- _Activity_
Among the lines below, take the one holding "Monte: Monte Vettore", the one holding "Хендай Акцент 2014", and all lines between them. Set them down exactly.

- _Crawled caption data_
====================
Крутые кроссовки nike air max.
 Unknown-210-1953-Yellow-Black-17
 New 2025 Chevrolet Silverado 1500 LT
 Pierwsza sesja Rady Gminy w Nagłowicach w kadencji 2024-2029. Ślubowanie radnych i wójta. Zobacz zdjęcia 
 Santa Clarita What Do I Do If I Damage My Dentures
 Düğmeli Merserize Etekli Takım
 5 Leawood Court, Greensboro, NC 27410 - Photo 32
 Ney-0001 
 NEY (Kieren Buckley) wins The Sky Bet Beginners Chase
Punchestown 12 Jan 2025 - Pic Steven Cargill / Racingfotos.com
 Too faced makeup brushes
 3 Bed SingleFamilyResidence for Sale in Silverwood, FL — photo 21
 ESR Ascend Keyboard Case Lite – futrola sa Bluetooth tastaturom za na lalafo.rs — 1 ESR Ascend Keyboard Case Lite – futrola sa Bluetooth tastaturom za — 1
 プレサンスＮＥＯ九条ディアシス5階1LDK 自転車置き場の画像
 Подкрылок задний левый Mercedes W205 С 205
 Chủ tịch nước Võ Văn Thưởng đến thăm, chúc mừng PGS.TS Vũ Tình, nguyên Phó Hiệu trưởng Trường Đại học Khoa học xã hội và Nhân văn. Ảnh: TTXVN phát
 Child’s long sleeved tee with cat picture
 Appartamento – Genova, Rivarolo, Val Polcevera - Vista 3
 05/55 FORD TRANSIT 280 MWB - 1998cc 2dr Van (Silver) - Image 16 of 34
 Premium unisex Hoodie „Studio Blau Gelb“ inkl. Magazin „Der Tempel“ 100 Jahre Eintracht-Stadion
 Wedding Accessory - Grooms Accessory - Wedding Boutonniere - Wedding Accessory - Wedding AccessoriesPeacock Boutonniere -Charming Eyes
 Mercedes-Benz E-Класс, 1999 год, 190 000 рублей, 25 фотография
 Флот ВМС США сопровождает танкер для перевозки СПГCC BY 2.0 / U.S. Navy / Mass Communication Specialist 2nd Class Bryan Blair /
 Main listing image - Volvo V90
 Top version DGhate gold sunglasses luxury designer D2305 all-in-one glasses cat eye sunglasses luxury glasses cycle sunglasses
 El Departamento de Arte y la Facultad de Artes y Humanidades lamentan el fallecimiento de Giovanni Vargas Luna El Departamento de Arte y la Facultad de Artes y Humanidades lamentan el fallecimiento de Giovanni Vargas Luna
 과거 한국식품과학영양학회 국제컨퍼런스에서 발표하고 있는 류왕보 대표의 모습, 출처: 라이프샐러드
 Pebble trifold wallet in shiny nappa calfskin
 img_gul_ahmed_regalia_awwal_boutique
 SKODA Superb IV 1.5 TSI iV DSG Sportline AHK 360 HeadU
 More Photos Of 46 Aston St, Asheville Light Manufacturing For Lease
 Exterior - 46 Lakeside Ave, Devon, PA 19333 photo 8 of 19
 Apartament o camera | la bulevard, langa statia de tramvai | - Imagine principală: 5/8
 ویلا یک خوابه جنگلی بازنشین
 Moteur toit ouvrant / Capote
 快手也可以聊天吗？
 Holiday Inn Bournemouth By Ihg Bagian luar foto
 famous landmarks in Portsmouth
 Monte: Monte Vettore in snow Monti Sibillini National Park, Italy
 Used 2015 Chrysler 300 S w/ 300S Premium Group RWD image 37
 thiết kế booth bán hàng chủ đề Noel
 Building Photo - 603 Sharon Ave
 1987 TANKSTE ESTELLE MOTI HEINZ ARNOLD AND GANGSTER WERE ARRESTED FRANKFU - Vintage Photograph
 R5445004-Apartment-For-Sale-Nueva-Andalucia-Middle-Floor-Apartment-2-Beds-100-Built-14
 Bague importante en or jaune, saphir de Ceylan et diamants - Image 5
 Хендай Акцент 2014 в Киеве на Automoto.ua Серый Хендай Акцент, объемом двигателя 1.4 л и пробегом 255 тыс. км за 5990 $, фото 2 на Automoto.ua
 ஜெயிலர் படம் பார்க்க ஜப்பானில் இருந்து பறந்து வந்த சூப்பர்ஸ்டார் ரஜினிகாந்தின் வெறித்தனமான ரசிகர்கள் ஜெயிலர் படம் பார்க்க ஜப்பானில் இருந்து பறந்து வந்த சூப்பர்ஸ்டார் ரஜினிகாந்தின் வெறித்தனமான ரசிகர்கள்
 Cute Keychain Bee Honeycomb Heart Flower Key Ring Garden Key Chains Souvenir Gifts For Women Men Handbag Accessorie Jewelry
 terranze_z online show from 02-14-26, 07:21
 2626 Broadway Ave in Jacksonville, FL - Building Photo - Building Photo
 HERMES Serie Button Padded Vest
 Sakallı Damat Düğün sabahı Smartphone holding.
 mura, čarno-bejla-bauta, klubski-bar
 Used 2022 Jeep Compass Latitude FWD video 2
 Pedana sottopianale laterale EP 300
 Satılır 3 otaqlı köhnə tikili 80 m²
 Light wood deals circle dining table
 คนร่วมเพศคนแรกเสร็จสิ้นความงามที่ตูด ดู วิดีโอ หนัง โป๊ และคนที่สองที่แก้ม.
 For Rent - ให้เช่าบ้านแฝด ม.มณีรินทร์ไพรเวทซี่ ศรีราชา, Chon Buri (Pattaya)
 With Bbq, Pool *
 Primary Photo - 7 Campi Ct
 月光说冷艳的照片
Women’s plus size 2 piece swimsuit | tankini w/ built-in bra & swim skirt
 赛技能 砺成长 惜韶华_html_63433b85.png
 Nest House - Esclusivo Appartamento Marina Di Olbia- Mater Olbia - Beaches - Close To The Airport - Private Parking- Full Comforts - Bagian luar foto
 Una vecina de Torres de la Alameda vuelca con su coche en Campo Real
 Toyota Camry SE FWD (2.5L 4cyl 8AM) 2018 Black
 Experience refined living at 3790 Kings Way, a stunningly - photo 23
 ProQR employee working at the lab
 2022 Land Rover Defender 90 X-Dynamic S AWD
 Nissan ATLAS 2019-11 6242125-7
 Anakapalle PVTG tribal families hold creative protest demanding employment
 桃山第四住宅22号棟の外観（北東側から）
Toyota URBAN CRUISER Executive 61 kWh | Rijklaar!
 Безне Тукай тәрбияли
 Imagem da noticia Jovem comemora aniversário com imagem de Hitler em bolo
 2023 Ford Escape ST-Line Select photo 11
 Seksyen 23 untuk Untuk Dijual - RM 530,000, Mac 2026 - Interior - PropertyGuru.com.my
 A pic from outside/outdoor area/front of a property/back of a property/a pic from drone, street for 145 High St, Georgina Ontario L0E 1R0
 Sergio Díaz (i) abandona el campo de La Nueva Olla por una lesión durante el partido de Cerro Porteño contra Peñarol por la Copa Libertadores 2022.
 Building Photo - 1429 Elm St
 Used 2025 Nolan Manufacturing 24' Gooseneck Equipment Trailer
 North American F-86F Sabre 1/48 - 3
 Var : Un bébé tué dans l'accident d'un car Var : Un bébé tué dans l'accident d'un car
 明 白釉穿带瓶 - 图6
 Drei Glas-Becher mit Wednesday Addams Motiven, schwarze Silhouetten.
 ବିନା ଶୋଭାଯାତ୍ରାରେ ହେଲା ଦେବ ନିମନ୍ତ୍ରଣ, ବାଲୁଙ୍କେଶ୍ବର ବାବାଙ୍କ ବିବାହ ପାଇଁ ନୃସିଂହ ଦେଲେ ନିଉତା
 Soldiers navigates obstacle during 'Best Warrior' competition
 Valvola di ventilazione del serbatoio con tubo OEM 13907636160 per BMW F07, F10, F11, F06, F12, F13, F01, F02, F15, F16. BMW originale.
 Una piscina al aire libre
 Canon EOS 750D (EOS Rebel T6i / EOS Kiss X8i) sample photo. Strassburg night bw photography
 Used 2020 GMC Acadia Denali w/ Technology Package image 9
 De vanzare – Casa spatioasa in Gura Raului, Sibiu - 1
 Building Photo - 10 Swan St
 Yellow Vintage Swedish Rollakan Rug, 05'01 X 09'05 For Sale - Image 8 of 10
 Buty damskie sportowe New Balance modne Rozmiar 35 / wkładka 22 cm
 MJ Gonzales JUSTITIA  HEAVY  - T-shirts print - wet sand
====================
- _Task output_
 Monte: Monte Vettore in snow Monti Sibillini National Park, Italy
 Used 2015 Chrysler 300 S w/ 300S Premium Group RWD image 37
 thiết kế booth bán hàng chủ đề Noel
 Building Photo - 603 Sharon Ave
 1987 TANKSTE ESTELLE MOTI HEINZ ARNOLD AND GANGSTER WERE ARRESTED FRANKFU - Vintage Photograph
 R5445004-Apartment-For-Sale-Nueva-Andalucia-Middle-Floor-Apartment-2-Beds-100-Built-14
 Bague importante en or jaune, saphir de Ceylan et diamants - Image 5
 Хендай Акцент 2014 в Киеве на Automoto.ua Серый Хендай Акцент, объемом двигателя 1.4 л и пробегом 255 тыс. км за 5990 $, фото 2 на Automoto.ua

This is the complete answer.